__Assignment__. Each line in the material below, starting at the one with "So there you" and ending at the one with "Static scoping is", is to be reproduced exactly; no picture is to be copied.

__Data provided__.
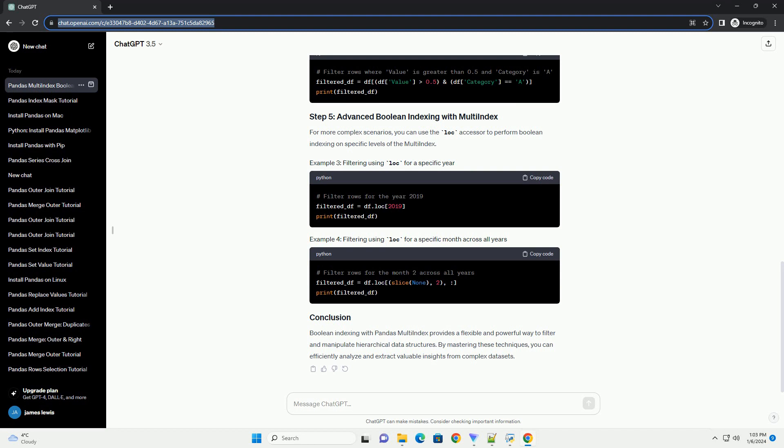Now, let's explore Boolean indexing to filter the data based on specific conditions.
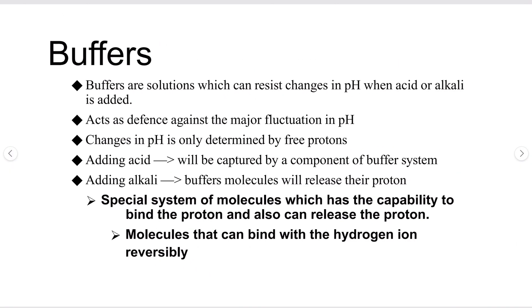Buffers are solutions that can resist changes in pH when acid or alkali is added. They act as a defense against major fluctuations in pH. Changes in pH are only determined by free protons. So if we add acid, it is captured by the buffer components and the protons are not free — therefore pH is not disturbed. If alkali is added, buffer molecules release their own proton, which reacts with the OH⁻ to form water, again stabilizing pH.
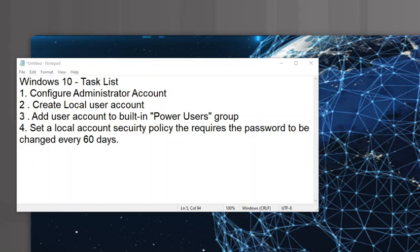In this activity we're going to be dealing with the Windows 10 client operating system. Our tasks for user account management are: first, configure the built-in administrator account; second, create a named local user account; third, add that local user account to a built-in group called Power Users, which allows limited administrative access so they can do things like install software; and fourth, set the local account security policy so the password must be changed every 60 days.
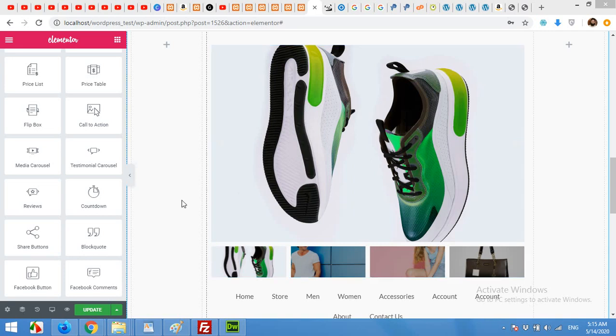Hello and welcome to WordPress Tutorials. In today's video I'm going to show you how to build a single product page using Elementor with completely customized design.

* * *

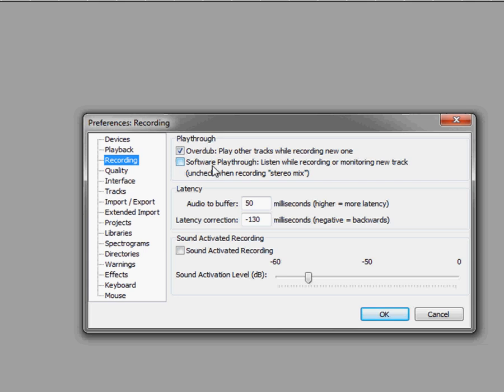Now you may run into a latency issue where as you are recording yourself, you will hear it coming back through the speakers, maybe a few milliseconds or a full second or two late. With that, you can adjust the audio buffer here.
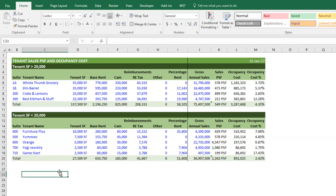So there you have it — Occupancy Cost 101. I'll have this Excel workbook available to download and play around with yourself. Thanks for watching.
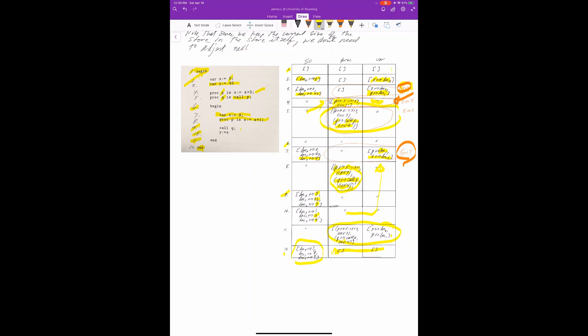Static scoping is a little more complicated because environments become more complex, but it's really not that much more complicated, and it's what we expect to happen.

--

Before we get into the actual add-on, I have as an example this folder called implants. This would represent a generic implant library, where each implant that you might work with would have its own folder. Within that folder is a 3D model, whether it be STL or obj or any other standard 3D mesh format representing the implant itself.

__Exercise solution__.
So there you have it — Occupancy Cost 101. I'll have this Excel workbook available to download and play around with yourself. Thanks for watching.
Static scoping is a little more complicated because environments become more complex, but it's really not that much more complicated, and it's what we expect to happen.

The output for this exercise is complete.